That man was located in the home dugout at Nationals Park last night. Jim Riggleman's 1995 Cubs went 4-0 before Riggs' first loss.

The only other Cubs managers to do that well in their first few games after taking over the club are Frank Chance, whose 1905 Cubs went 5-0 when he took over at midseason from an ailing Frank Selee; Rogers Hornsby, who managed the 1930 Cubs to a 4-0 record in the final four games of that season, and Jim Essian, who went 5-0 after taking over from the fired Don Zimmer in 1991.

So Quade has a chance to get into rare territory, and as noted yesterday, the team has a different feel about it. Television cameras found Quade at the top step of the dugout, engaged in conversation with Alan Trammell, and when he came out to take Carlos Zambrano out of the game in the eighth inning, he did it with a smile on his face and Big Z knew it was time, too.

Zambrano had his best start in nearly a year last night in Washington. He threw 68 strikes in 108 pitches, allowed just five singles and a walk and struck out eight. If nothing else, he increased his trade value considerably; if he keeps up this kind of work, maybe the Cubs can consider him as a valuable part of the 2011 rotation. His numbers as a starter this year are still a bit unsightly, but better after last night: 68.2 IP, 73 H, 38 BB, 58 K, 4.59 ERA, 1.63 WHIP. In the four starts since returning from the restricted list: 24 IP, 20 H, 6 ER, 16 BB, 15 K (2.25 ERA, 1.29 WHIP).

I still think Z may have burned too many bridges to stay. But with a new manager now, and perhaps another one in 2011, maybe this is a new Z; maybe he can stay; maybe he will at last be worth the money he's being paid. He sure looked like it last night.

And Z did all this knowing his 11-year-old nephew is fighting for his life in Venezuela. Zambrano will spend the next three days in his home country before returning in time for his next scheduled start.

Zambrano said he called his brother before making his fourth start since returning to the rotation.

"He told me not to worry about what's happening there, just worry about what's going on here," Zambrano said. "And he told me: 'Dedicate that game to my son.'

"Every pitch I threw in the first inning, I was saying: 'This is for you. Don't give up, don't give up. Just pitch this game for him.'"

I wish for the best for Zambrano and his family.

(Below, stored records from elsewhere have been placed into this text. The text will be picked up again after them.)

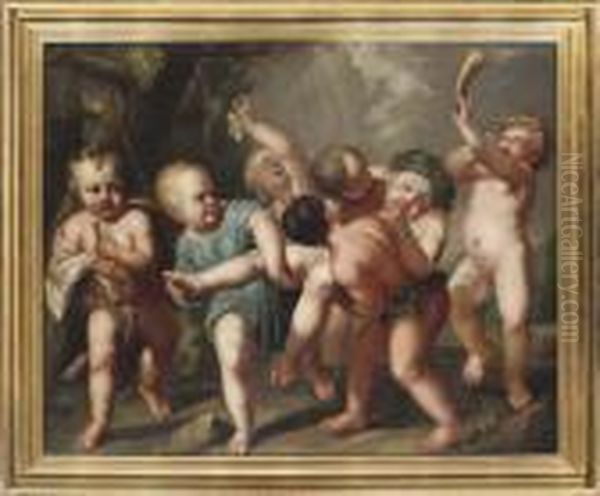 An Infant Bacchanal Oil Painting by (studio of) Rubens, Peter Paul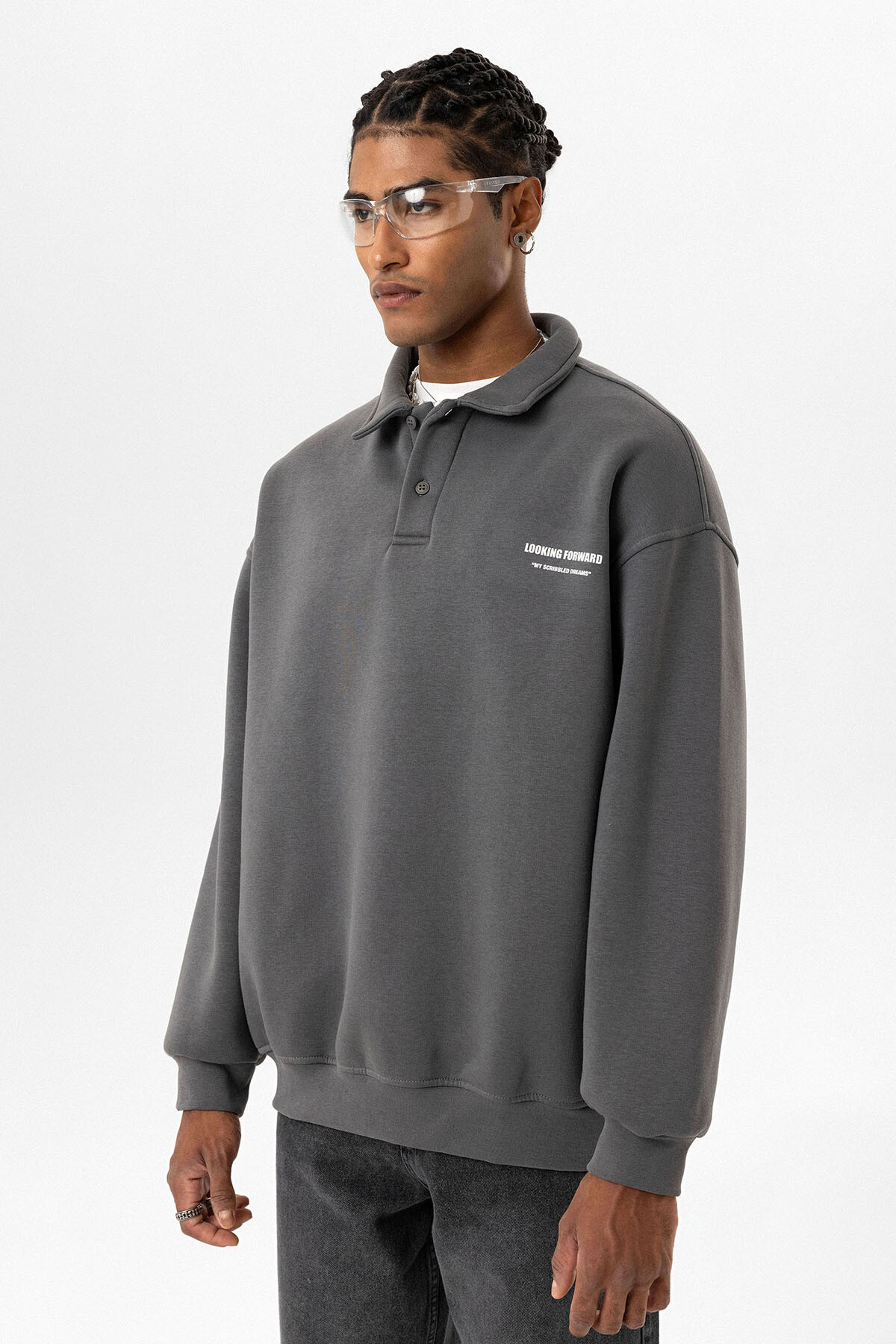 POLO YAKA BASKILI OVERSIZE SWEATSHIRT FÜME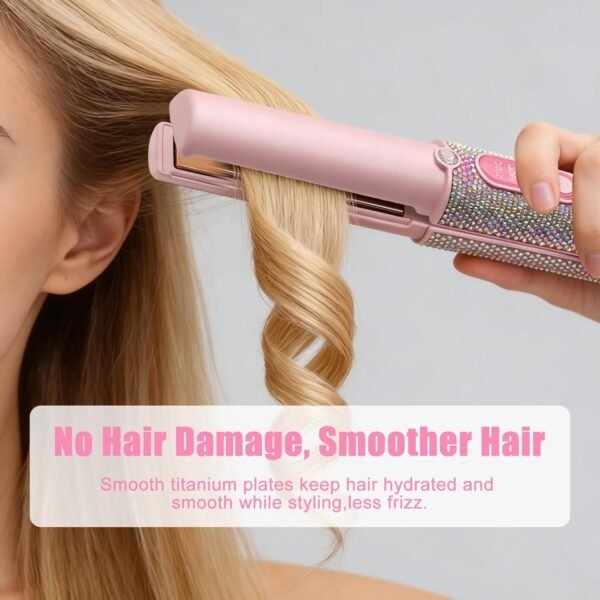 2-in-1 Cordless Hair Straightener Curler, 2S Rapid Preheating Titanium Flat Iron, 5000mAh USB-C Rechargeable Mini Travel Styling Tool, LCD 3 Temp Settings for Women (Pink, FCC-Certified)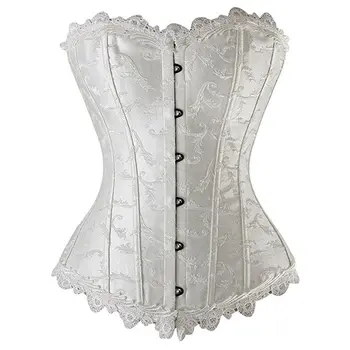 

Women Corsets Sexy Black Gothic Underwear White Vintage Solid Lace Up Female Fashion Summer 2019 Hot Sale Bustiers Intimates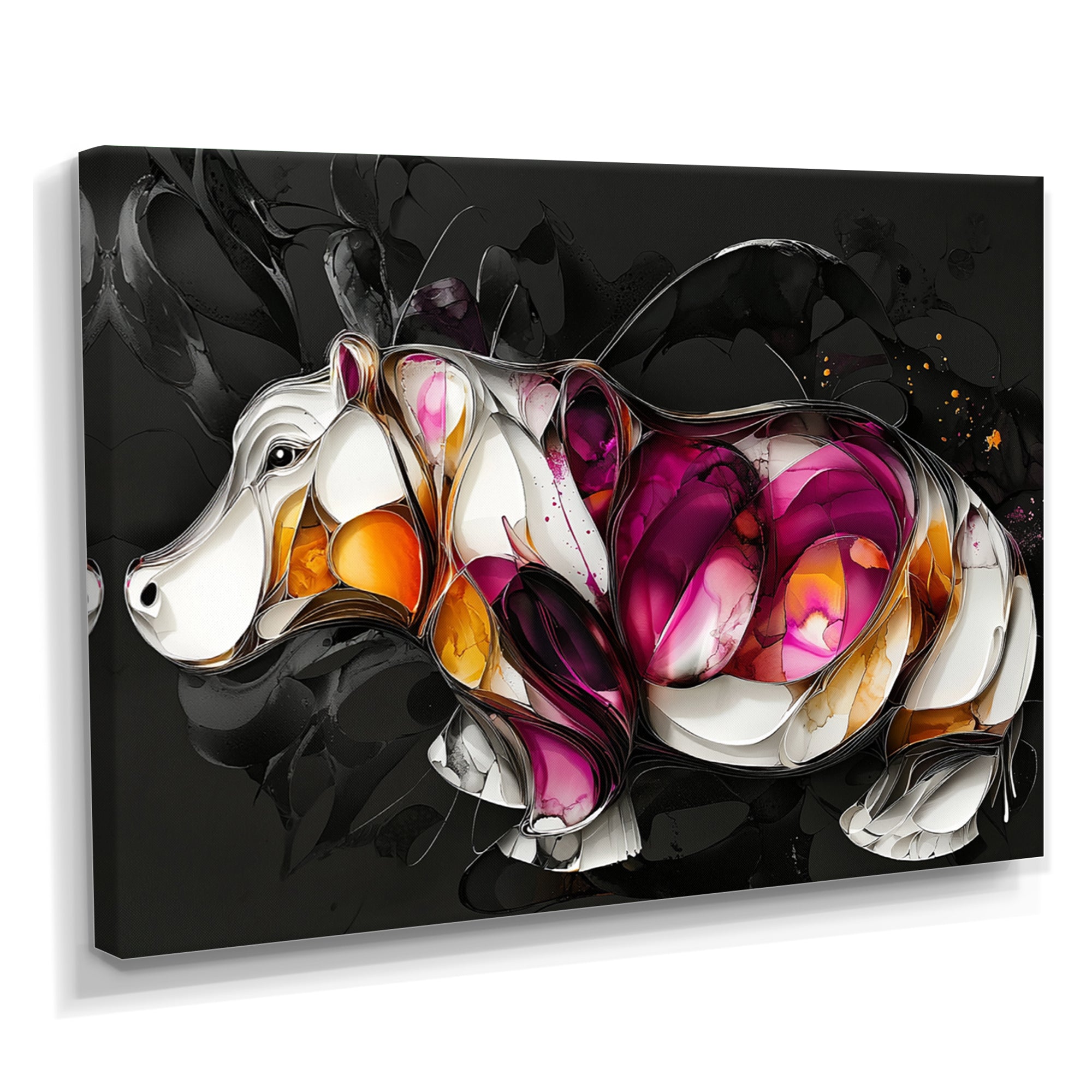 Pink Cubist Hippo Accented With Orange - Hippopotamus Wall Art Prints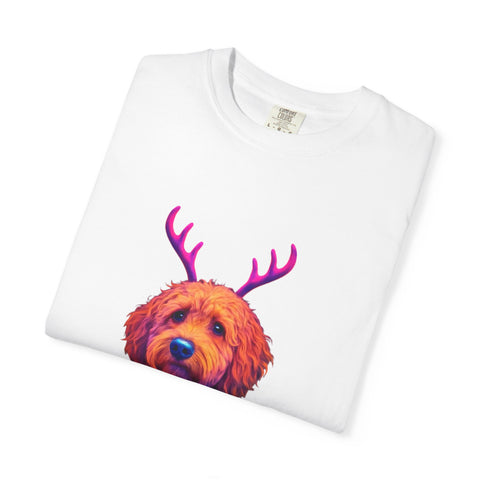 Golden Doodle in Reindeer Antler Sweater T-Shirt | Holiday Dog Portrait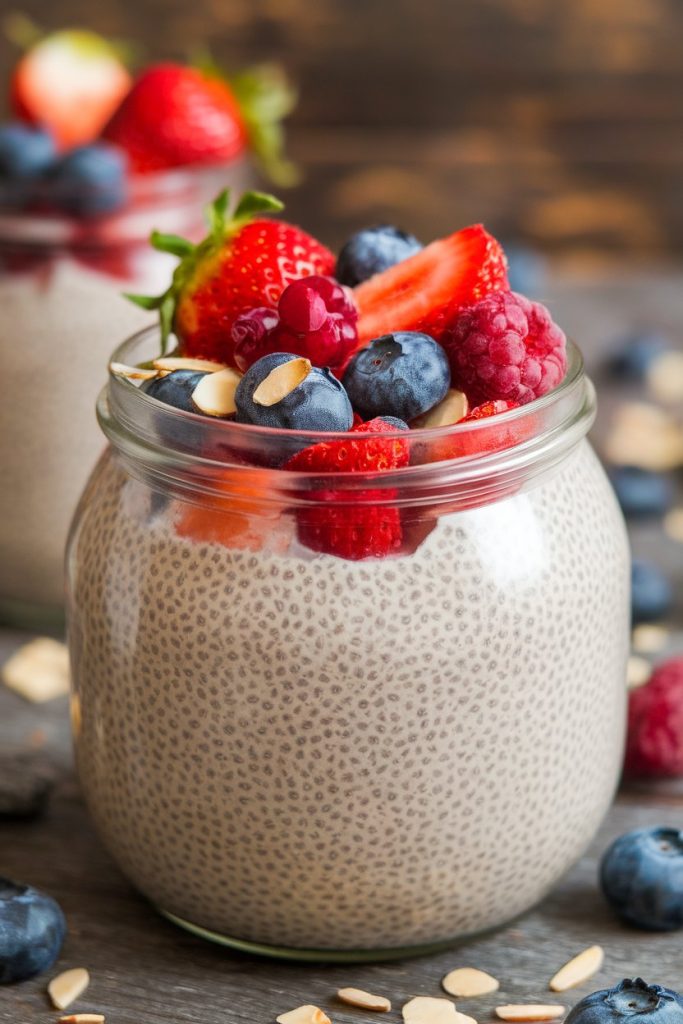 Chia Seed Pudding with Almond Milk and Berries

Carlos Marmol -- now, there's another story. Marmol nearly blew the game after taking over for Sean Marshall in the eighth inning (and Marshall wasn't that great, either, walking a pair). Marmol's command was off, and he wound up loading the bases in the ninth before giving up a bases-clearing line drive down the right-field line to Adam Kennedy. Fortunately, the Cubs led 5-1 at the time; when Ryan Zimmerman yanked a fly ball to right, it at first appeared to be another "Oh, not again" moment, as I had visions of it just clearing the wall.

Fortunately, Kosuke Fukudome caught it right in front of the out-of-town scoreboard to complete the Cubs' 5-4 win over the Nationals.

All five Cubs runs came courtesy of a pair of homers; the first one, by Alfonso Soriano, gave Sori his ninth straight year with 20 or more HR. There are only four other active players who have accomplished that feat: Alex Rodriguez, Albert Pujols, David Ortiz and ... Adam Dunn. The other was hit by Tyler Colvin. Colvin's blast followed a throwing error by Nats SS Alberto Gonzalez; that turned out to be the difference in the game.

Colvin's home run was his 19th, which leads all MLB rookies this year and which is only six homers short of Billy Williams' team rookie record of 25, set in 1961; that helped Billy win the NL Rookie of the Year award. Geovany Soto came within two of that number in his ROY season in 2008. Colvin won't win the award, obviously, but the home runs ought to get some attention. They come in only 302 at-bats, implying Colvin could hit 30 or more in a full season.

Isn't it nice to talk about wins and positive things for once?